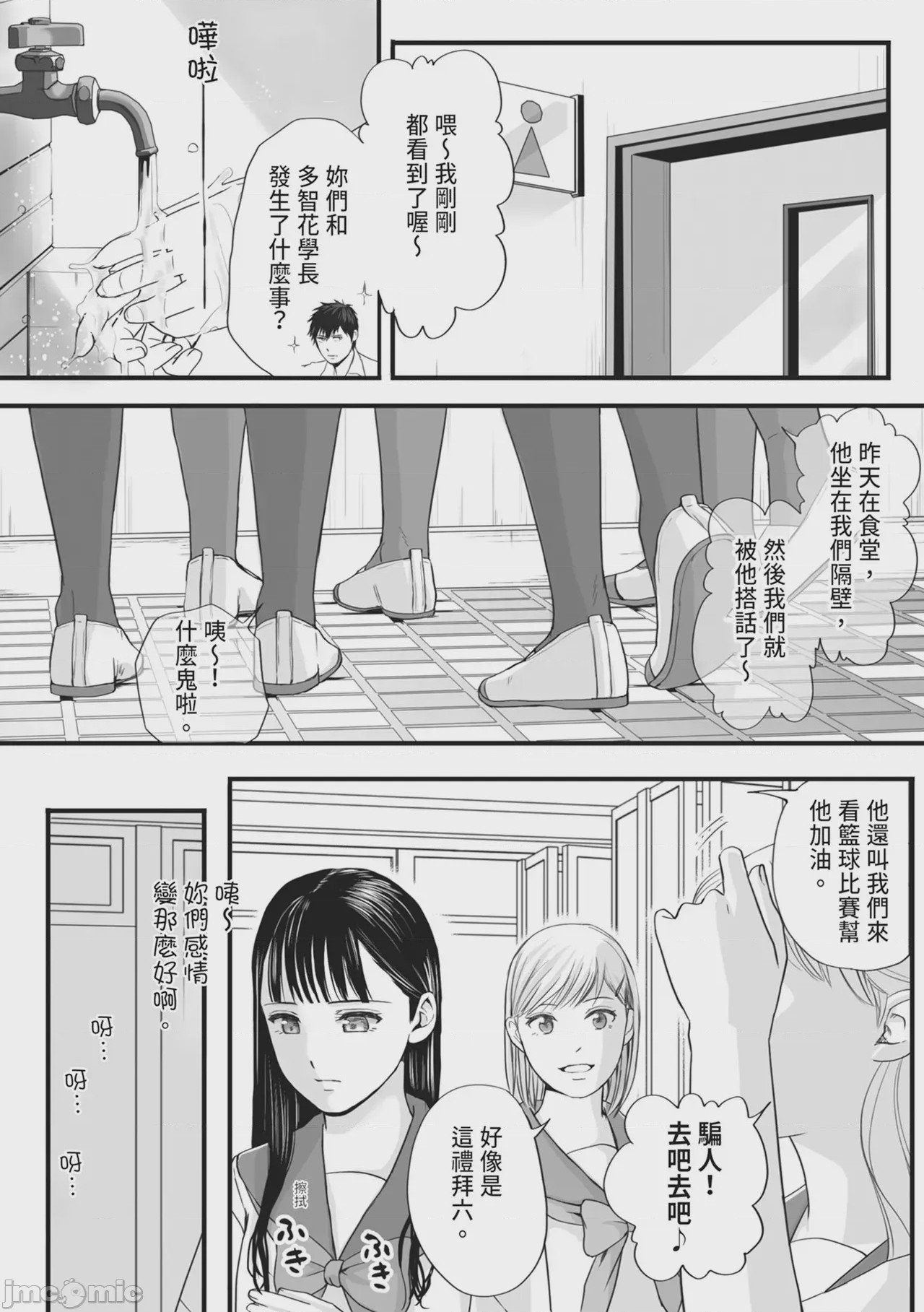 第1话，第 20 页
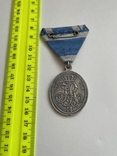 Полковая медаль 100 -ие 14 полка, фото №4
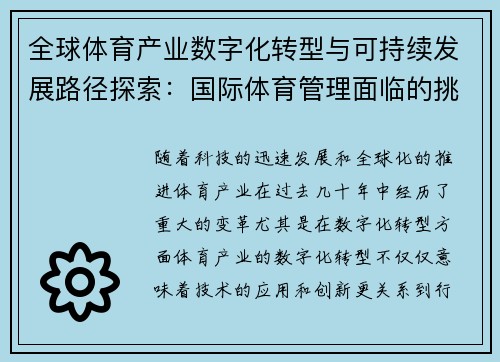 全球体育产业数字化转型与可持续发展路径探索：国际体育管理面临的挑战与机遇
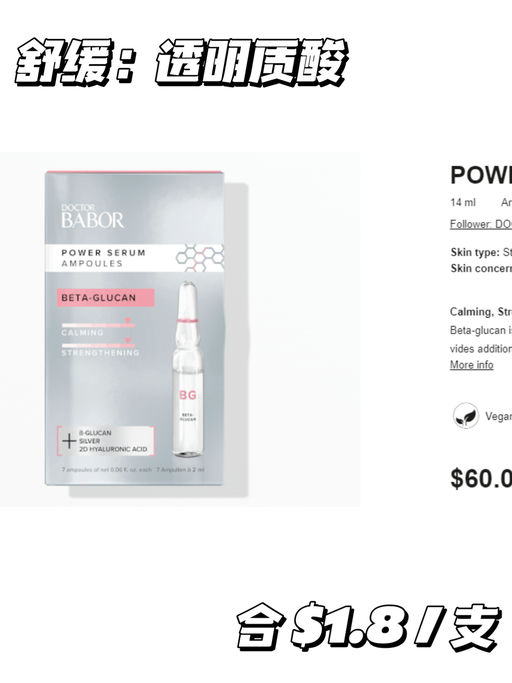 【合$1.8 / 支】Babor 安瓶白菜价！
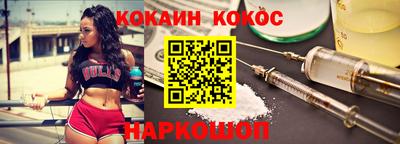 герыч Беслан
+===+
DIRECTIONS FOR THIS TASK
Beginning with the line that contains "Полковая медаль 100 -ие 14 полка, фото №4", repeat every remaining line of the data exactly, the last line included, and omit pictures.

TASK RESPONSE
 Полковая медаль 100 -ие 14 полка, фото №4
 全球体育产业数字化转型与可持续发展路径探索：国际体育管理面临的挑战与机遇
 【合$1.8 / 支】Babor 安瓶白菜价！
 герыч Беслан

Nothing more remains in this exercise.